Sin embargo y motivado por el hechizo del tiempo, decide esperarlo en el mismo sitio en donde fuera recogido la noche anterior. Y así, sucesivamente todas la noches se ubica en las escalas laterales de acceso a la Iglesia Saint Etienne du Mont de la ciudad luz, a esperar que suenen las campanas y poder reencontrarse con sus iconos del arte y las letras.
No soy crítico de cine ni mucho menos, sobre las artes escénicas, fui solo un estudiante de cuatro semestres de cine y televisión como parte del programa académico de mi carrera profesional. Pero si, un fanático con cierta formación crítica sobre el celuloide y las letras. De allí el encanto por “Medianoche en Paris” porque al igual que el protagonista me gustaría vivir esos déjà vú del pasado del arte y la literatura. Poder disfrutar de un buen vino en compañía de Monet, Picasso, Manet, Dalí, Faulkner, Hemingway, los Fitzgerald (Scott y Zelda), Buñuel, Porter, Gauguin, Eliot, Gertrude Stein y otros grandes del arte y de épocas diferentes.
Personajes que de una u otra forma terminaron por marcar mi época bohemia y literata que no pudo traspasar las fronteras de la escasez y me obligó a buscar en cada minuto de vida una oportunidad económica para satisfacer mis necesidades y las de mi familia. Encrucijadas que terminaron por alejarme cada vez más y más del mundo de las letras.

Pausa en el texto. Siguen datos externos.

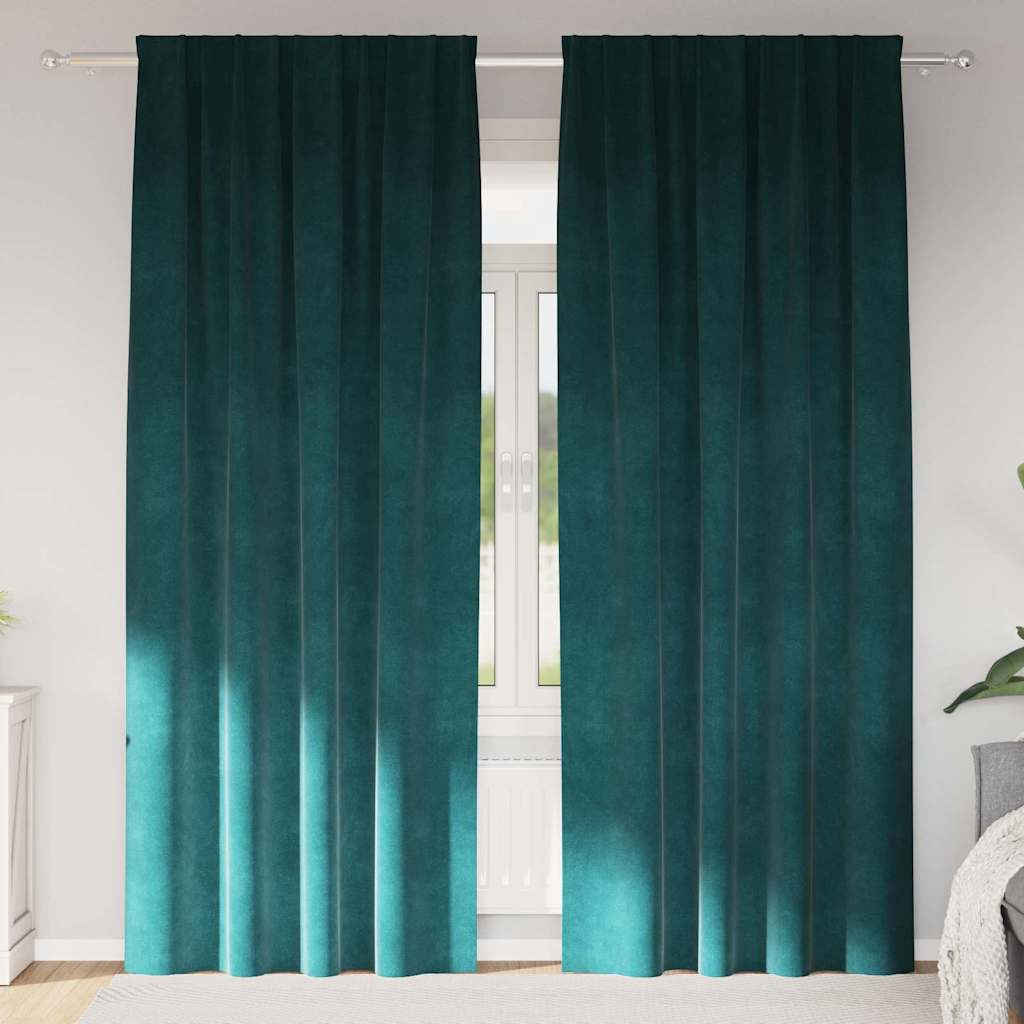 vidaXL Blackout Curtains 2 pcs Black 140 x 140 cm Velvet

Hoy sentado frente al televisor, viendo a través de la moderna tecnología de streaming nuevamente esta película. Me extasío en el encanto de la fotografía de introducción de un París de magia y embrujo, de arquitectura inigualable y paisajes inconfundibles, acompasada por una música que invita a enamorar.
Hacer un recorrido por el Sena o un paseo romántico por los jardines de Versalles o en el mejor de los casos visitar al Rodin y embriagarme visualmente con las monumentales esculturas de su entorno. Maravillas que con solo verlas, podrían hacer de cualquiera un gran artista.

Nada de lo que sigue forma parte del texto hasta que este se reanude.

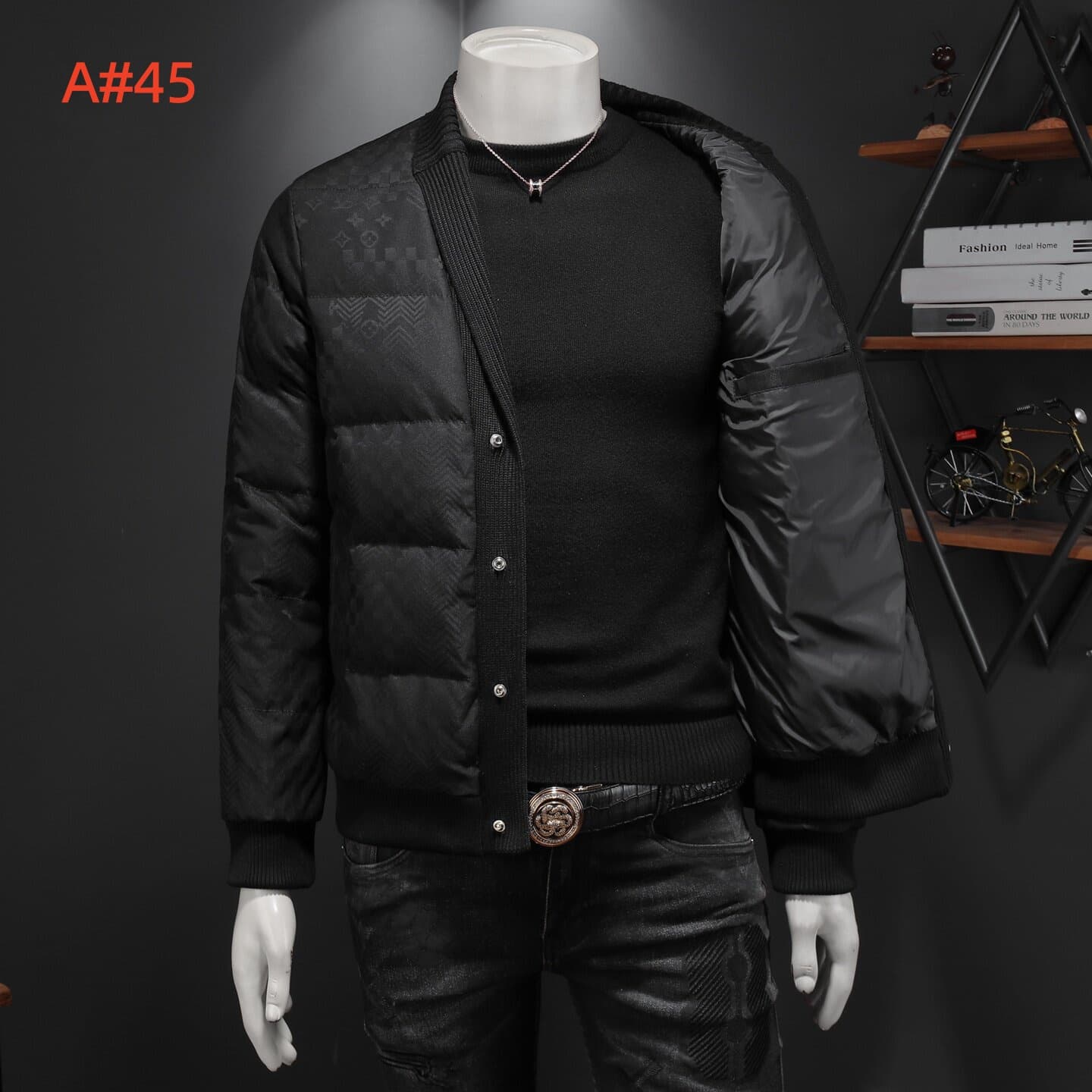 Cheap Louis Vuitton Thick Jackets For Men in 231570, $170 USD- [IB231570] - Replica Louis Vuitton Thick Jackets For Men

Se me cae a pedazos el presente por ese sueño inconcluso de recorrerlo, preferiblemente bajo el embeleso de la lluvia y ojalá en compañía de una parisina como Gabrielle o Adriana.
Esos sueños de juventud cuando me inspiraba en las letras pero la economía hacía desgaste en mi bolsillo. Épocas cuando leía por primera vez del placer al dolor que sintió Celina en su primera y única verdadera noche, en Mientras Llueve, de Soto Aparicio. De las enseñanzas del mesías de Shimoda en Ilusiones o ese emocionante viaje a la libertad de Juan Salvador Gaviota, de las obras de Bach. La angustia existencial de Gregorio Samsa en la Metamorfosis de Kafka. La lucha desesperada del anciano Santiago por evitar que los tiburones se comieran su esfuerzo, en el Viejo y el Mar de Hemingway o los innumerables acontecimientos, absurdos pero mágicos, de una familia caribeña en Cien Años de Soledad, de nuestro laureado García Márquez. A quienes releí en busca del camino para seguirlos pero sin los recursos necesarios para olvidarme del mundo y sumergirme en historias incontables y propias que forman parte de mi pasado.
Ver esta película me traslada en el tiempo y me invita a vivir una especie de paramnesia en donde mis amigos son ellos, regresar a mi época de oro, los años 80 y las de ellos: los encantadores años 20, la Belle Epoque, el Renacimiento y otras.
Ese encanto que tiene la historia y que a todos nos gustaría escudriñar para conocer sus secretos y disfrutar del placer de poder contarlos de primera mano. Aquellos eventos que por desconocerlos, nuestro pasado no perdonará y que se constituyen en esa quimera del ser humano, “la ilusión de volver al futuro”.